What the task asks
Please report each line of the data below that contains "going".

Exercise data
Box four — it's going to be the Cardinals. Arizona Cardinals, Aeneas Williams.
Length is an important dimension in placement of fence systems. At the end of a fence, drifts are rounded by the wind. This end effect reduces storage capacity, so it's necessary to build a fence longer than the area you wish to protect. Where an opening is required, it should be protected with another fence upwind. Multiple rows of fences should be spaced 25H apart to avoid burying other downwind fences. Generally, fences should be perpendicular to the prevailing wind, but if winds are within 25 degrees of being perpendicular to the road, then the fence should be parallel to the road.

---

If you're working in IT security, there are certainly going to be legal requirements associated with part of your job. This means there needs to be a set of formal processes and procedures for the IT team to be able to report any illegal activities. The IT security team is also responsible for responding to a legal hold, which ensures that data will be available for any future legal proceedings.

Reply to the task
Box four — it's going to be the Cardinals. Arizona Cardinals, Aeneas Williams.
If you're working in IT security, there are certainly going to be legal requirements associated with part of your job. This means there needs to be a set of formal processes and procedures for the IT team to be able to report any illegal activities. The IT security team is also responsible for responding to a legal hold, which ensures that data will be available for any future legal proceedings.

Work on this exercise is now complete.